CHEYENNE, Wyo. — Gov. Matt Mead has written to Environmental Protection Agency Administrator Gina McCarthy saying Wyoming won't honor her agency's recent determination that over 1 million acres around Riverton remains legally Indian Country.
The EPA earlier this month announced its determination that a 1905 federal law that opened part of the Wind River Indian Reservation to settlement by non-Indians didn't extinguish the land's reservation status.
The decision came in response to an application from the Eastern Shoshone and Northern Arapaho tribes to treat the reservation they share as a separate state for purposes of implementing the federal Clean Air Act.
Mead wrote to McCarthy on Wednesday stating, "I believe the agency action is wrong and I will not honor it." He sent similar letters to tribal and local officials.
Mead said Thursday that the Wyoming Attorney General's Office is preparing to file an appeal in federal court. He said the ruling raises issues of criminal jurisdiction, taxation and administration and said Wyoming will ignore the decision until the courts rule on it.
"What we have is a regulatory agency with virtually no notice - and in fact we were notified after the fact - that has changed these jurisdictional boundaries, and said, 'here's a million acres and the jurisdiction has changed,'" Mead told The Associated Press.
Mead said he didn't see how, as a practical matter, the state could treat Riverton and the surrounding area as reservation land based solely on the EPA's opinion. "So we need a court ruling, and the court ruling hopefully will be in our favor," he said.

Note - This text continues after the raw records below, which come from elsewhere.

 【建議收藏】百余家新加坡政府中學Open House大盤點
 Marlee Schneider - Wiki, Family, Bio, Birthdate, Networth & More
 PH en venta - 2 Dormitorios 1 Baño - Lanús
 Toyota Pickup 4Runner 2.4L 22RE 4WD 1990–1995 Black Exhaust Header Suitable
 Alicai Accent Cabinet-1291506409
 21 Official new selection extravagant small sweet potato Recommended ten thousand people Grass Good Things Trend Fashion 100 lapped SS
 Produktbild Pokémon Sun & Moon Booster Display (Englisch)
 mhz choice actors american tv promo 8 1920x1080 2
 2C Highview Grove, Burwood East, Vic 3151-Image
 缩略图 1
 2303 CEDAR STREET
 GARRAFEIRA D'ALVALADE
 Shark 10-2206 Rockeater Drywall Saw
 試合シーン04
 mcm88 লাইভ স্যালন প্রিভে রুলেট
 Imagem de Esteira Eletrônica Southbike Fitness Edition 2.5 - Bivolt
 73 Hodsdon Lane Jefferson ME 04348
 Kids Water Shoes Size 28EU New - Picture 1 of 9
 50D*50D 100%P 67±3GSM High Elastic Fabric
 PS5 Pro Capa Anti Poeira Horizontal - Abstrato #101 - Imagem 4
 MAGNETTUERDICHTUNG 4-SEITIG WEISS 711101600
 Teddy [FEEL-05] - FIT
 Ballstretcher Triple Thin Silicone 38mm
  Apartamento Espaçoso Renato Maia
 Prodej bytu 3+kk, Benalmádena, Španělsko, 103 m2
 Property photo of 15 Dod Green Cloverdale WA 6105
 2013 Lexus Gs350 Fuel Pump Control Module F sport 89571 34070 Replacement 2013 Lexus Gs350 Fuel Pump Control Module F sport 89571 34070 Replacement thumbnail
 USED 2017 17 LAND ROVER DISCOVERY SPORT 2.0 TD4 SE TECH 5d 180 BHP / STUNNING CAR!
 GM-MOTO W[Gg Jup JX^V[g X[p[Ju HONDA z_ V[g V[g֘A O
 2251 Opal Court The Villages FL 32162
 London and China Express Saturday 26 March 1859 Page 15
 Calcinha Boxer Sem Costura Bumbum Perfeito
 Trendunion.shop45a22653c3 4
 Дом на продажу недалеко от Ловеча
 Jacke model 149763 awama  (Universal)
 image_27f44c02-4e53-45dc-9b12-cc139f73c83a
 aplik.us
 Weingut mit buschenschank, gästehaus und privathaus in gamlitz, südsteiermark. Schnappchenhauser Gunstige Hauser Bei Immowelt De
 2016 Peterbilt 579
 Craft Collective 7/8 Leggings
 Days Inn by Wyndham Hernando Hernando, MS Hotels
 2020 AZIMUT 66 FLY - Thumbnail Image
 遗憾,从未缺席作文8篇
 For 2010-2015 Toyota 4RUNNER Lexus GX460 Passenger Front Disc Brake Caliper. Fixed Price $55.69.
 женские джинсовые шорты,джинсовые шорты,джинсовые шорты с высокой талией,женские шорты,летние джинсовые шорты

The legal status of the lands has been a sore point between the tribes and state and local governments over taxation and criminal jurisdiction for years. The courts have ruled against tribal members in several cases in which they tried to establish recognition for the lands around Riverton as Indian Country.
In regard to air-quality issues, the EPA decision states the tribes must be consulted on activities within 50 miles of the reservation boundary that could affect air quality. The decision means the tribes will be able to apply for grants to develop air quality monitoring programs and could proceed to apply for permission to administer air quality programs of their own in the future.
Rich Mylott, spokesman for the EPA in Denver, said Thursday that the agency is reviewing Mead's letter.
Mylott said EPA's boundary determination is based on a thorough evaluation of relevant statutes and case law, historical documents and other materials, including the tribes' application materials and comments from the public and federal agencies.
The EPA, together with the Department of Justice and the Department of Interior, "are working with the tribes, the state, and communities to identify and resolve any issues related to the reservation boundaries and ensure the protection of public health and the environment," Mylott said.
Mark Howell, lobbyist for the Northern Arapaho Tribe in Washington, D.C., said Thursday that Mead, as a former federal prosecutor, understands that the federal government makes the determination of the exterior boundaries of the Wind River Indian Reservation.
"The federal government has made a legal determination that the 1905 Act did not diminish the reservation," Howell said in a written statement. "That determination was made for all jurisdictional purposes."
Howell said the tribes are willing to consult with all of the stakeholders in Wyoming, including Mead, to work out the implementation of that decision. "Surely the governor doesn't want to violate federal law," he said.